ASRS receives many reports of fuel mismanagement and fuel exhaustion, common causes of engine failures and forced landings. Less common is fuel contamination, which can come as a surprise, even after a pilot takes the precautionary measures of a thorough pre-flight and ground run-up. A general aviation pilot reports on the hazards of hidden water, and speculates on whether wing-rocking might have prevented the problem.

  • This [high-wing] aircraft has long-range tanks installed. It had not been flown in two months and had been stored outdoors, so a thorough pre-flight was completed. The wing tanks were three-quarters full and [the sumps] were drained twice. The gascolator was fully drained and checked for water and contaminants. Total engine ground run time was about 40 minutes at 1,200-1,700 rpm, with normal engine indications.

    Shortly after takeoff, Departure Control indicated that the aircraft's transponder was inoperative, and requested that we return to the airport.

    During the approach, an extended slip was used due to right crosswinds. Taxiing to the hangar, the engine quit and would not restart. The aircraft was manually pushed to the hangar area. Examination of the fuel tanks, fuel line, gascolator, and carburetor fuel bowl revealed water in all areas. After draining, the engine restarted easily.

    With a history of damage to the left wing, one or both fuel tanks may have become warped or wavy, allowing water to collect at points other than the fuel drains. This allowed water to remain undetected during a normal pre-flight, a 40-minute ground run and in flight. Although it is not recommended in the pilot's operating handbook, rocking the aircraft wings during aircraft pre-flight might move any distributed water to the fuel drain.

Any rocking of wings should come early in the pre-flight, so that the water and contaminants have plenty of time to settle in the sumps before the sumps are drained.
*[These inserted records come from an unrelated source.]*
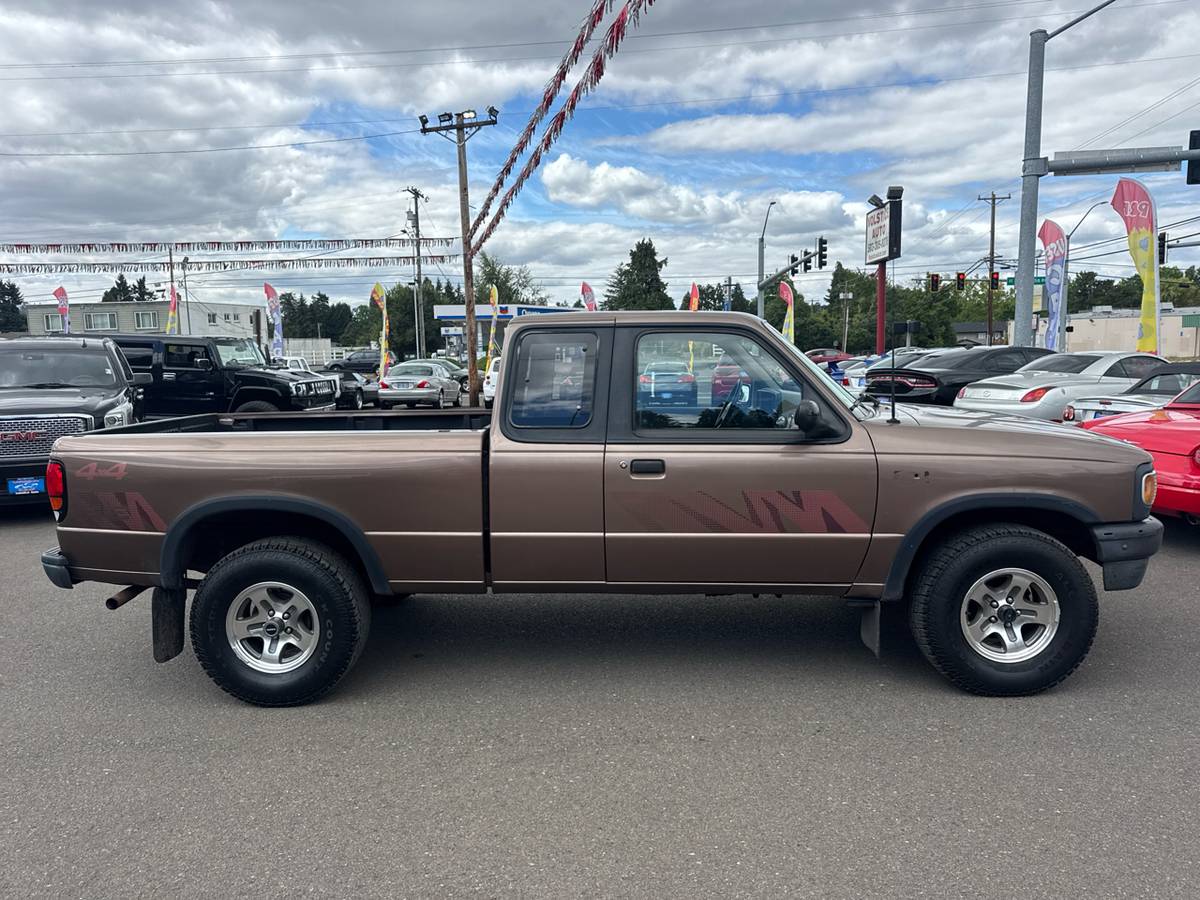 Mazda-b-series-1994-brown-3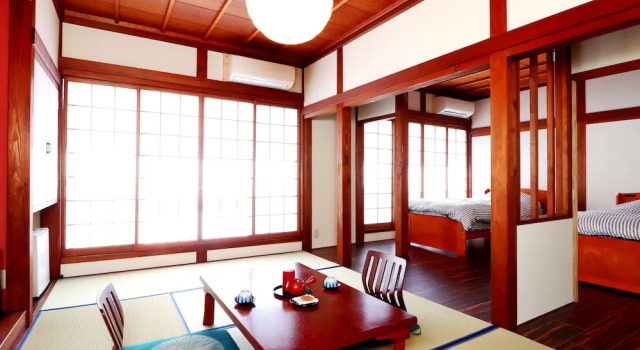 富山県 よしのや旅館, Забронировать Гостевой дом Отели Нанто с парковкой, Парковка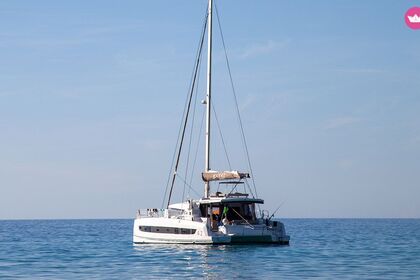 Hire Catamaran 15 BALI 4.2 (4D/2C) - AZ2 Cogolin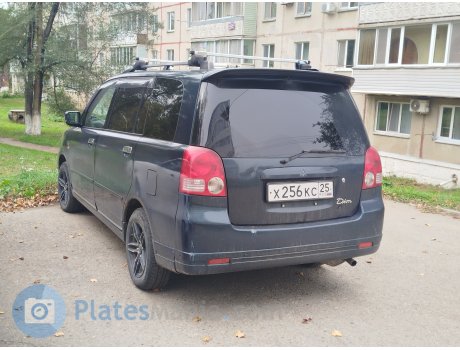 х256кс25, Mitsubishi Dion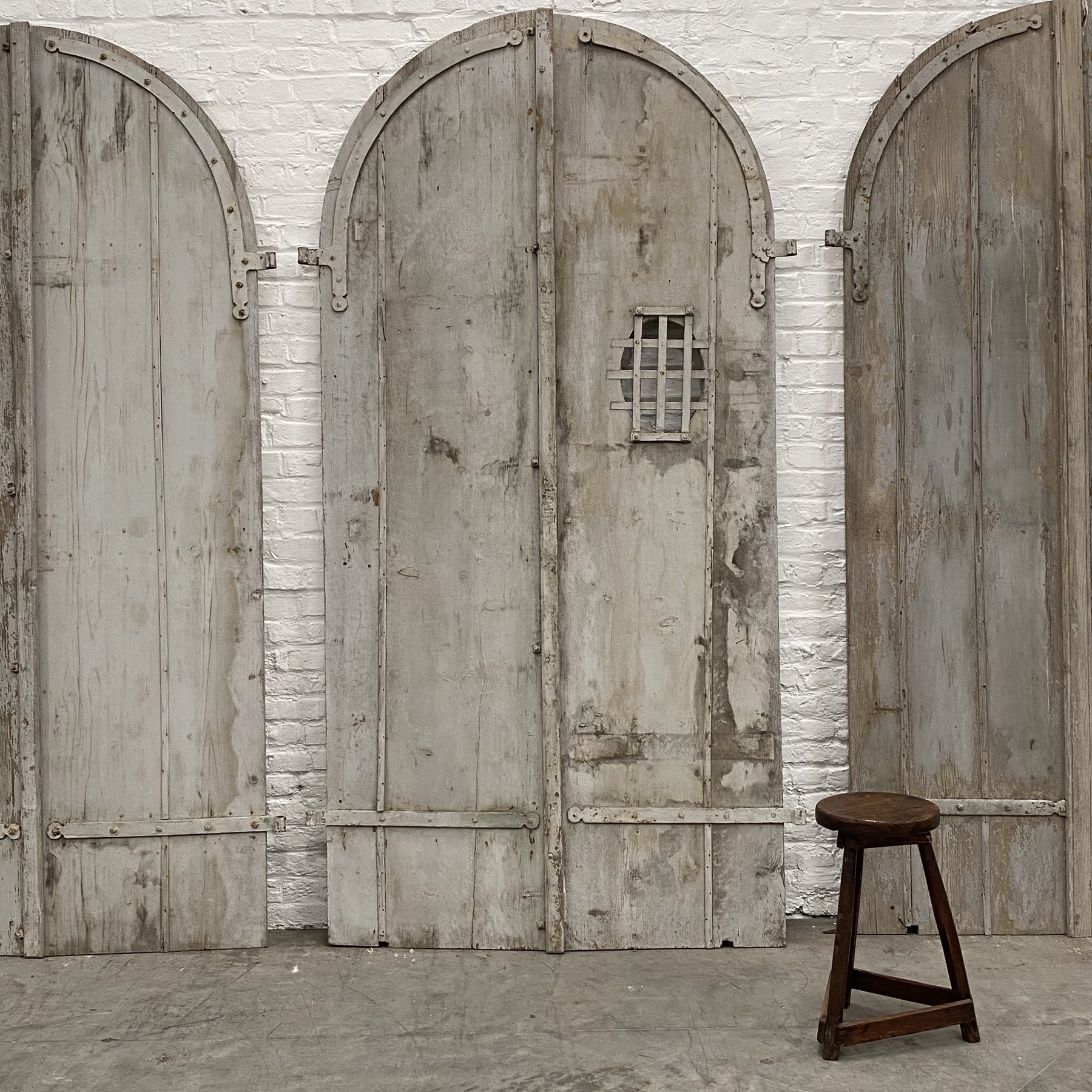 objet-vagabond-painted-shutters0002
Many flight schools make this standard procedure.

Next, an air carrier Captain reports that both the ground crew and the flight crew failed to detect a different sort of fuel-related problem. In this case, improper defueling procedure was the cause of the incident.

  • We needed to off-load 7,200 lb. of fuel. The fueler had us transfer fuel from the wing tanks to the center tank so he could defuel. When defueling was complete, I closed the crossfeed valve, which was confirmed by the First Officer. Immediately at lift-off, the left wing was very heavy, needing about 60° wheelthrow for level flight. I saw a fuel imbalance of 4,000 lb. between the wing tanks, and 3,300 lb. in the center tank. The center tank had been empty at the gate. I opened the crossfeed and fed both engines from the left tank. I was able to balance the fuel load for landing.

    [Maintenance] confirmed that the defuel valve and door had been left open. The fueler had missed closing the valve and door after defueling. A possible reason for his missing the valve was the flaps and slats were left down at the gate due to landing on snow and ice. During the before-starting-engines checklist at the gate, I noted the proper fuel and distribution, and that the crossfeed valve was closed. Due to night taxi at an unfamiliar airport on ice and snow, I failed to detect the fuel imbalance prior to takeoff. Had our takeoff been delayed 5-10 minutes longer, the aircraft might not have been controllable after lift-off. We should encourage crews to check fuel balance prior to taking the runway.

Leaving the defuel valve open prevents closing of the defueling door, and impairs the crew's ability to control fuel transfer. Diligent use of checklists--by both the ground crew and the flight crew--can help prevent this situation. The ground crew's checklist should include an item to check the security of the defuel valve and door. The flight crew's checklist usually provides more than one opportunity to review proper fuel distribution. This is particularly important after any type of fuel transfer operation.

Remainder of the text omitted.